According to Selvam, most of its profits in the first five years were ploughed back into brand building exercises. They took extra care to meet regulatory requirements in various countries to ensure the quality of their products and put in extra effort into presenting their products. Much thought went into designing their packaging and display materials, he says.
Their efforts have certainly borne fruits.
Today, the company exports its coloured contact lenses to over 60 countries around the world including in Europe and the Middle East. About 80% of its RM17mil revenue is derived from exports.
The company’s efforts were recognised at The Star Outstanding Business Awards 2016 when Maxvue took home the coveted Malaysian Business of the Year (Up to RM25mil) award. Maxvue also won Platinum awards in the Best Brand and Best Global Market categories and Gold award in the Best in Marketing category.
“It was a pleasant surprise for us because we weren’t expecting to win Business of the Year. This is one of the best awards for us because it is not a paid award,” says Viji.
Selvam notes that the company has also gotten a little more attention, including from private equity firms, since winning the awards.
“This has given us the motivation and the confidence to go further,” he says.
This year, Maxvue is expecting sales to grow to RM22mil.
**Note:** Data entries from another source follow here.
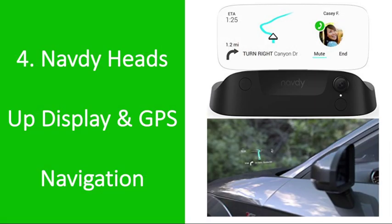Number 4: NavD Heads Up Display and GPS Navigation. This innovative projector is changing the relationship between your car and your phone in a great way. By projecting a small screen on your windshield in front of you, NavD allows you to see and respond to text messages, answer phone calls, follow your GPS, monitor your fuel, speed, and so much more — all without taking your eyes off the road. He'll love how tech forward this is, and you'll love the peace of mind knowing he's driving safer.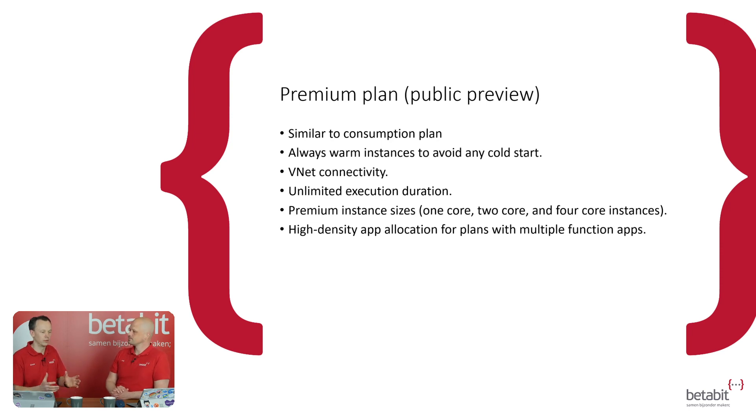But in some cases you just need a bit more — you need more memory, you need more execution time. It's five minutes by default, you can stretch up to ten. With the premium plan, there's no limit. Finally. It's working similarly to the consumption plan so you don't have to worry about instances, but it always has a warm instance for you. There's always one instance warmed up, so cold start is gone. That also means you pay for the warmed-up instance, right? You still pay for execution.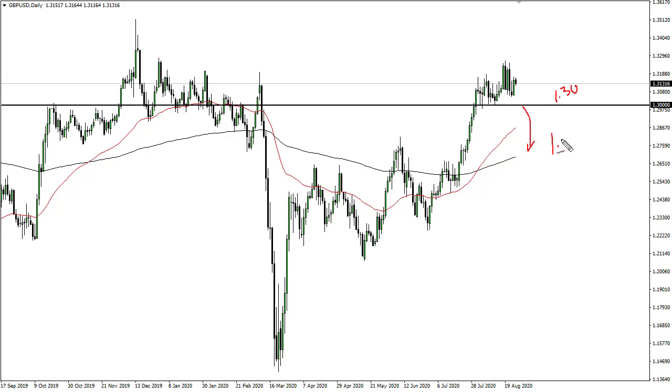If we break down below there, then 1.2750 is going to be significant support down to 1.2650, as it was significant resistance in the past. Regardless, I think we're going sideways, eventually trying to break out.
Maxvue is also hoping to grow its market share locally as its ColourVUE brand is already established in the international market. Its local business was previously handled by a distributor but Maxvue is looking to work directly with retailers this year to boost its presence in Malaysia.
Maxvue is also in the midst of installing new manufacturing lines at its facility so that the company will be able to have control over its own production. At the moment, manufacturing work is outsourced to manufacturers in Korea, Taiwan and Australia.
“We wanted to do our own manufacturing earlier but getting the technology was difficult,” says Selvam.
The first line will be ready by the end of this year and will have a production capacity of 7 million lenses per year. Another three lines will be added on after that.
Once its production lines are up and running, Selvam is confident that the company will be able to cater to demand from the Malaysian market. He hopes to grow revenue contribution from the local market from 20% to 25% by the end of this year.
Maxvue is also looking to grow its OEM business even further in the coming years.
Selvam has some aggressive growth plans for the company over the next five years, particularly for the local market. And if all goes well, he is eyeing an initial public offering exercise at the end of the five-year period.
“We didn’t expect to come so far. But in a blink of an eye, here we are. We hope we can continue to grow further. And it is not just us who grow, but also those who are with us, including our staff and partners and suppliers.
“We are happy to see them grow as well. Some of them have amazing stories of this journey with us. We have disabled employees whose lives have been transformed and we want to hire more disabled workers. All this gives us a lot of satisfaction,” he says.
Maxvue currently employs a staff of about 45 but its headcount is expected to go up to 100 by the end of the year once it starts its own manufacturing works.